Task statement:
Reproduce exactly, and only, the lines below from the one containing "2/10 Aquila Ct, Mermaid Waters, QLD 4218" through the one containing "2011 Toyota Tundra".

Top of Task input

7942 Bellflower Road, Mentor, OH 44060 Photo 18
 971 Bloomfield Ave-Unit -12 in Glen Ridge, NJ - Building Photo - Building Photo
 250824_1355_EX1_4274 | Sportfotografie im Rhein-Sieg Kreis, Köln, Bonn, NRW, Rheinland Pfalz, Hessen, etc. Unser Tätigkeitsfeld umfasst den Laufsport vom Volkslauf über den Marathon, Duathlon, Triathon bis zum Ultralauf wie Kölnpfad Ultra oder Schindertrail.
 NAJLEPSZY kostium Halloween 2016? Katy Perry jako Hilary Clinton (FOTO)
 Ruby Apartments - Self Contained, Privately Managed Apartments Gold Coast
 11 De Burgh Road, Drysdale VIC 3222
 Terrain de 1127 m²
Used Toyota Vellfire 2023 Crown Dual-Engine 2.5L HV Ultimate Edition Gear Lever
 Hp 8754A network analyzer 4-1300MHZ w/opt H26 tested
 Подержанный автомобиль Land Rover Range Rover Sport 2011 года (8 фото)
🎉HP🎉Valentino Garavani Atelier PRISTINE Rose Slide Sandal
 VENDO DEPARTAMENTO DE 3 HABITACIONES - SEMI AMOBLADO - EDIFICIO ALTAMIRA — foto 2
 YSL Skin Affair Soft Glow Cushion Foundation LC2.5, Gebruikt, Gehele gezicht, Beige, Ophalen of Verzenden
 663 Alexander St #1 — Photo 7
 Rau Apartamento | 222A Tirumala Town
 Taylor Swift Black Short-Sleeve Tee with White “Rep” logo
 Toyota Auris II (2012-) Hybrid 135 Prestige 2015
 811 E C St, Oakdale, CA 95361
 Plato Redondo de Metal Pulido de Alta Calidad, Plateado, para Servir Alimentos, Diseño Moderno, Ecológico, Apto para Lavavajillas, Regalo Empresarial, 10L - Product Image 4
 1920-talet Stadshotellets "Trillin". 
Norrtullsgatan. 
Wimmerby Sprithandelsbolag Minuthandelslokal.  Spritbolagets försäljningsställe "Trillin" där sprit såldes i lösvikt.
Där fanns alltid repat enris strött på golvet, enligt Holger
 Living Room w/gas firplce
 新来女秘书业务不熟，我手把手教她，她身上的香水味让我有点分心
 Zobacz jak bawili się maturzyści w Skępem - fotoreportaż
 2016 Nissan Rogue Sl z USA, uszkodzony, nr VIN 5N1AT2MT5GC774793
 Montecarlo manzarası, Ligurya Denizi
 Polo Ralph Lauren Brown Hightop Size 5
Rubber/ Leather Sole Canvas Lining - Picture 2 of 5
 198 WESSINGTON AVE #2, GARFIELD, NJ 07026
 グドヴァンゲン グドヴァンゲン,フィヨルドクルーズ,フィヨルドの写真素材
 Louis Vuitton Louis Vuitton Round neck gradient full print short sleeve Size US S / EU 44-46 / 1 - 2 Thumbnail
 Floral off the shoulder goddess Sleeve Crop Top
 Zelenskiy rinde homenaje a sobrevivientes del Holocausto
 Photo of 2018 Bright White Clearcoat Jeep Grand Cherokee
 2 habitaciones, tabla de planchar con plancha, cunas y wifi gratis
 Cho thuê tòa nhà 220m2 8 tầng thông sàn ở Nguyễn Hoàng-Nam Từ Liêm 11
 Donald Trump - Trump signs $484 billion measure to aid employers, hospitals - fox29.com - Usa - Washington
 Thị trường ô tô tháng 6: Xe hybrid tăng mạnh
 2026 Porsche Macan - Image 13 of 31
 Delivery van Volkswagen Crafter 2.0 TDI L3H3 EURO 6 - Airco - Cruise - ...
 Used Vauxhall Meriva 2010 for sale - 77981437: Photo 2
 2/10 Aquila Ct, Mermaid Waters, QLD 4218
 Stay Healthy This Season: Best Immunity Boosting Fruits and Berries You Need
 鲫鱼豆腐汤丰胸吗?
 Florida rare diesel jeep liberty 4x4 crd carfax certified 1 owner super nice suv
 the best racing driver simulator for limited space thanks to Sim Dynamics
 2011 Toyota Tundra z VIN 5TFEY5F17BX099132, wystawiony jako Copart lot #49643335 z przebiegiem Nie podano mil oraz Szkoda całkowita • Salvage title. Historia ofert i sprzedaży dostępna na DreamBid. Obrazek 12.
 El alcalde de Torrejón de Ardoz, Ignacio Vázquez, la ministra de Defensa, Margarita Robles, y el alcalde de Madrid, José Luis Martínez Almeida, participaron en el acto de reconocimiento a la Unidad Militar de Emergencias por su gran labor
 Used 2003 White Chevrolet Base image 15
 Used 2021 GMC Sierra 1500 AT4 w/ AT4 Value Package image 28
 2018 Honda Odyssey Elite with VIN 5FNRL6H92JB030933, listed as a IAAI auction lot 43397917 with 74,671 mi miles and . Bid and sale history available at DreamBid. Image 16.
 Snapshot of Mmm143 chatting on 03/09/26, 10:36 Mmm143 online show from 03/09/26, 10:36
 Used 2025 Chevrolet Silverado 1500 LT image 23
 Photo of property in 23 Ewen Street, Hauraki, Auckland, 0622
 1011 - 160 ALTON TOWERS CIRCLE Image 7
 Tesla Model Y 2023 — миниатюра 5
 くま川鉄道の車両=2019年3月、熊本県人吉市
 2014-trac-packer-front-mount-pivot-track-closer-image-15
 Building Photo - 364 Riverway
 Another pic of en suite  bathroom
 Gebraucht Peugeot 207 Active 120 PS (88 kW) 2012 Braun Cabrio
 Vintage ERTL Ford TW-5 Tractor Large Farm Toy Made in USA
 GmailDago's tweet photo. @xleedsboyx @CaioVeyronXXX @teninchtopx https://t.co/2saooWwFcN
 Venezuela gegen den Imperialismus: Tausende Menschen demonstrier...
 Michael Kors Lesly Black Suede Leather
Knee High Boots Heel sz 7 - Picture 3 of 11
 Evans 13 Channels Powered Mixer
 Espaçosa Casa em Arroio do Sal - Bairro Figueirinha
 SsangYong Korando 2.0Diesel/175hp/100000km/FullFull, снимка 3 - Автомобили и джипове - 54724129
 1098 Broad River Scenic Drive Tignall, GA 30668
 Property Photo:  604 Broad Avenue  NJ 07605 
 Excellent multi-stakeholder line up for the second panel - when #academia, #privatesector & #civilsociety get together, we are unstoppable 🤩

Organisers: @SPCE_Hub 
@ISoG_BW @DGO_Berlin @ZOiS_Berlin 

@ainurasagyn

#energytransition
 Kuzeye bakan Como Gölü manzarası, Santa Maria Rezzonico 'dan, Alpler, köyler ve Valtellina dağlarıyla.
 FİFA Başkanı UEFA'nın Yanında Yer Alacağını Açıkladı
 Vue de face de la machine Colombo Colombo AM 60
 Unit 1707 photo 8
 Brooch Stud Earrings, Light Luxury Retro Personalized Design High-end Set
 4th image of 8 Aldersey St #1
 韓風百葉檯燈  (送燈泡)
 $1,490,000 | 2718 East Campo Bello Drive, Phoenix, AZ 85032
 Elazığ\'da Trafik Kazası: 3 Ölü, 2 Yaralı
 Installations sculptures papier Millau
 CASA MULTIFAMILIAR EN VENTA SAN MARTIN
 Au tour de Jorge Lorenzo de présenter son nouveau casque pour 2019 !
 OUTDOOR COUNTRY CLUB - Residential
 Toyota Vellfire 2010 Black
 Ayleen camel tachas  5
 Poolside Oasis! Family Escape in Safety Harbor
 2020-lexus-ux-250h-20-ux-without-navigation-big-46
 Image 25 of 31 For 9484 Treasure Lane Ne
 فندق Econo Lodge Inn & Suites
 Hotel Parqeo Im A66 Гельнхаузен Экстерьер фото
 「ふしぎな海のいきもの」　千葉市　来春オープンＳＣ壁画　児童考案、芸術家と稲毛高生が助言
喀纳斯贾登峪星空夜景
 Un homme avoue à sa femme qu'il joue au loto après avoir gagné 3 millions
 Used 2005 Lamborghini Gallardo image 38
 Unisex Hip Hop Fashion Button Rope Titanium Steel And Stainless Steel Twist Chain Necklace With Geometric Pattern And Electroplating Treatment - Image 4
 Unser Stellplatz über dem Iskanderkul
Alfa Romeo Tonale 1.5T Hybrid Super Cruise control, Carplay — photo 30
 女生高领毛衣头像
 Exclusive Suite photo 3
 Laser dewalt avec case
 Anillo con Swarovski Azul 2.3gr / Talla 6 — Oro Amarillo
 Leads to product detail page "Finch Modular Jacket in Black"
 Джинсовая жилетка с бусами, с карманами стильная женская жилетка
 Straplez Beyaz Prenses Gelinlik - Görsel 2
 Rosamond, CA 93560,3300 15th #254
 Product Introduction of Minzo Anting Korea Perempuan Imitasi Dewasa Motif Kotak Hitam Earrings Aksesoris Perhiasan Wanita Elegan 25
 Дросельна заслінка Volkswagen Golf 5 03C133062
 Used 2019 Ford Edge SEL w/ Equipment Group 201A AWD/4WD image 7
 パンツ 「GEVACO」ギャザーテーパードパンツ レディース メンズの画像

Bottom of Task input

Problem solution:
 2/10 Aquila Ct, Mermaid Waters, QLD 4218
 Stay Healthy This Season: Best Immunity Boosting Fruits and Berries You Need
 鲫鱼豆腐汤丰胸吗?
 Florida rare diesel jeep liberty 4x4 crd carfax certified 1 owner super nice suv
 the best racing driver simulator for limited space thanks to Sim Dynamics
 2011 Toyota Tundra z VIN 5TFEY5F17BX099132, wystawiony jako Copart lot #49643335 z przebiegiem Nie podano mil oraz Szkoda całkowita • Salvage title. Historia ofert i sprzedaży dostępna na DreamBid. Obrazek 12.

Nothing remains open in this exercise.